Не до соколиной охоты стало. Хотя и не лежало молодое сердце к скучному бумажному делу, а надо было воедино свести законы, чтобы больше плещеевских беззаконий не случалось в Московском государстве, чтобы каждый подданный от последнего стрельца до ближайшего боярина меру своей власти знал.
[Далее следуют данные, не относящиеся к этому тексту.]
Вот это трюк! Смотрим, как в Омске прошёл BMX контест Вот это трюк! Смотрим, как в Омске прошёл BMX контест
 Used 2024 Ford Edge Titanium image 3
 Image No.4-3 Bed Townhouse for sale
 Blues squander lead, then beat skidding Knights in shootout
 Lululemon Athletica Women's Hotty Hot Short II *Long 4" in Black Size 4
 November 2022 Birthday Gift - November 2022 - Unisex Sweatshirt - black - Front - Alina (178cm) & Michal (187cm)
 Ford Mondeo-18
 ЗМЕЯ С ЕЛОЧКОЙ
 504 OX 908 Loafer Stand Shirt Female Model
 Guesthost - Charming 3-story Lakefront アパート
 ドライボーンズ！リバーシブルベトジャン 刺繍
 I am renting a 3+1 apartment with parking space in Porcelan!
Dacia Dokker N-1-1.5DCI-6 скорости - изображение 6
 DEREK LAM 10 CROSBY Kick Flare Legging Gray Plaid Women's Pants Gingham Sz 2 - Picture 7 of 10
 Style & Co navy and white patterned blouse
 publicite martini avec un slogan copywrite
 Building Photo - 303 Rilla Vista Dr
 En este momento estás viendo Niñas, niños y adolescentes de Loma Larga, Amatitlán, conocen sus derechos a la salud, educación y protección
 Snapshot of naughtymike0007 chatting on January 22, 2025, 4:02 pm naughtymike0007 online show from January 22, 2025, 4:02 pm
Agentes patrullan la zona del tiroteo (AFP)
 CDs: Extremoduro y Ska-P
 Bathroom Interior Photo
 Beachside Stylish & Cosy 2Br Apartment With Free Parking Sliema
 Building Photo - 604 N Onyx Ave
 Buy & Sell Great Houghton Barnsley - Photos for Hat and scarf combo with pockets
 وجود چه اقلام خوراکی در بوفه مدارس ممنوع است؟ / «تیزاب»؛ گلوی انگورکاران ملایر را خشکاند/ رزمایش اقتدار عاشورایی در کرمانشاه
Уже 16 июля 1648 года, когда после пожара, в огне которого и Петровка, и Дмитровка, и Тверская, и Никитская, и Арбат начисто выгорели, советовался молодой государь с патриархом Иосифом, со всем Священным Собором, с боярами, окольничьими и думными дьяками, что надо бы прежних великих государей указы и боярские приговоры на всякие государственные и земские дела вместе собрать и, сообразуясь с правилами Святых апостолов и Святых отцов, а также с законами греческих царей, свести воедино в Соборное уложение, чтоб Московского государства всяких чинов людям, от большого до самого малого, суд и расправа во всяких делах одинаковы были.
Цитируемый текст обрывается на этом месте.